A linear functional is a linear map from a vector space to a scalar. Then if we define a basis $B = $ {$v_1, v_2, ..., v_n$}, we can define our linear functional, call it $\phi$, as a linear combination of the dual basis. Will the value of this linear functional on a vector $v$ change if we transform $v$ to its representation in a different basis? Basically, what I'm picturing is $\phi(v) = c_1v_1^*(v) + \dots + c_nv_n^*(v)$, which is easy to handle if we write $v$ in terms of $B$. If we were to write $v$ in terms of another basis, say $B'$, would $\phi([v]_{B'})$ = $\phi([v]_B)$?
Another thought I had on the heels of that was then if we defined $\phi$ by the dual basis of whatever basis we are representing $v$ in, does that change anything? (for example if we have $[v]_{B'}$ instead of $[v]_B$, can we redefine $\phi$ as a linear combination of $B'^*$ organically and does it affect anything?) I'm beginning to think maybe there's a tensor hidden in my question somewhere but I'm not quite sure how to make use of it (now thinking about it, $V \otimes V^*$ might be what I'm getting at, though I'm really not sure).
I'm generally just really confused. Any and all input (including telling me my question makes no sense with some clarification as to why) is welcome.
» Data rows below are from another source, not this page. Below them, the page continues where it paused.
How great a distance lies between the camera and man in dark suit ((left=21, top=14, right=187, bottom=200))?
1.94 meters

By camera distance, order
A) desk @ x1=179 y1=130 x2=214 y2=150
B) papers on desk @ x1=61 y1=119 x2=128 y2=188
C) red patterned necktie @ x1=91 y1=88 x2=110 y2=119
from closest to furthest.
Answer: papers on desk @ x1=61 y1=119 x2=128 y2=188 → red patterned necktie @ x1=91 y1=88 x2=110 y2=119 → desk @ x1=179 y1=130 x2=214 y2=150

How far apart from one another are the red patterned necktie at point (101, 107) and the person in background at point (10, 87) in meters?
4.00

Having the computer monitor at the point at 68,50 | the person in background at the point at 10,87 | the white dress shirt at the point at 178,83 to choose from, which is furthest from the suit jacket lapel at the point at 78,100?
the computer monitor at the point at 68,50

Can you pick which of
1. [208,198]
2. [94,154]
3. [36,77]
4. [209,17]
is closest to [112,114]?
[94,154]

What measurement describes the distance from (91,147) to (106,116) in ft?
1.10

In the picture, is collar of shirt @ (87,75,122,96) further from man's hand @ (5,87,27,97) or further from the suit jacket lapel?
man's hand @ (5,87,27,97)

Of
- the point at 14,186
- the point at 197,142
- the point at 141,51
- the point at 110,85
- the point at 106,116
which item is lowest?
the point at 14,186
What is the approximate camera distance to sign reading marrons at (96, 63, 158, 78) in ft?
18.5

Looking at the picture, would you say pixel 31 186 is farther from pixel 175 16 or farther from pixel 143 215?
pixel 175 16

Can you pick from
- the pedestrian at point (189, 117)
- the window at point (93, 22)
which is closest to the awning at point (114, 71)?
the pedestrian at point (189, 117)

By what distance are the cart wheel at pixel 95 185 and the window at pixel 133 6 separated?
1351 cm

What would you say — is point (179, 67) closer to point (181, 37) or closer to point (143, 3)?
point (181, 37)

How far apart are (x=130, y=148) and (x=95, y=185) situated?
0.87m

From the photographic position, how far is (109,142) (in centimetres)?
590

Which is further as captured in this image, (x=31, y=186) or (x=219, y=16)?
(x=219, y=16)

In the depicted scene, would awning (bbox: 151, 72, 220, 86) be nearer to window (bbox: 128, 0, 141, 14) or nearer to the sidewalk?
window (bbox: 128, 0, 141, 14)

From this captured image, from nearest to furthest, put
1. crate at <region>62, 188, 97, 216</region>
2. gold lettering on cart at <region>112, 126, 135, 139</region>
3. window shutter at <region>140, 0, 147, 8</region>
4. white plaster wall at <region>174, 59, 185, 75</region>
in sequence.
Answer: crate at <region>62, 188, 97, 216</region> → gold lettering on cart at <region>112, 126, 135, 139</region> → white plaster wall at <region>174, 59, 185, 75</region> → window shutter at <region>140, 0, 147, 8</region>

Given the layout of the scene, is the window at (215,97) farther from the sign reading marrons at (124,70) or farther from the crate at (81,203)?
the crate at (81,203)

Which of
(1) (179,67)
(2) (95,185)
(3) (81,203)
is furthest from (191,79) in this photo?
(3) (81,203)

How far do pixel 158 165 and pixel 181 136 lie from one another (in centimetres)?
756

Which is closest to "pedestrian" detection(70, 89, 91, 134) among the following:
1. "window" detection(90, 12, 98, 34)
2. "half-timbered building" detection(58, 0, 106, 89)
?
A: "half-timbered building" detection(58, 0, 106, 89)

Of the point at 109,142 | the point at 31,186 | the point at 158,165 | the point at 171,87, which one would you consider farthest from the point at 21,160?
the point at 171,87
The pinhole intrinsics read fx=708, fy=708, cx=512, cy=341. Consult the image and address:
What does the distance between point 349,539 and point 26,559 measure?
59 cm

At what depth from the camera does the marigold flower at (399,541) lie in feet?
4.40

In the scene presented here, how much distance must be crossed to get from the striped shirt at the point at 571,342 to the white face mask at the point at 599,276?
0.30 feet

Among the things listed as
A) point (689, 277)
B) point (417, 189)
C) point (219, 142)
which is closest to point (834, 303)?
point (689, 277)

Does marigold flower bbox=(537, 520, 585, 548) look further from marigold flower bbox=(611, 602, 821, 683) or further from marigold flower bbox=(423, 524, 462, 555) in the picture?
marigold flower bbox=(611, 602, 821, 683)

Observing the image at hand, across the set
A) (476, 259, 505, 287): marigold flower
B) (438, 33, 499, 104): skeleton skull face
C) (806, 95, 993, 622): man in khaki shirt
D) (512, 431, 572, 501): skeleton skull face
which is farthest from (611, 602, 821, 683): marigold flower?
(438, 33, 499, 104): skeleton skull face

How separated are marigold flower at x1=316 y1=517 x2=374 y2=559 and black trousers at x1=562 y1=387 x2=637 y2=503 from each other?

Your question makes no sense. Note that $\phi$ is a linear map from a vector space $V$ into the field $k$ that you are working with. Then you ask whether or not $\phi([v]_{B'})=\phi([v]_B)$. But, unless $V=k^n$, $[v]_B$ and $[v]_{B'}$ are not elements of $V$; they are elements of $k^n$. So, it makes no sense to talk about $\phi([v]_{B'})$ and $\phi([v]_B)$.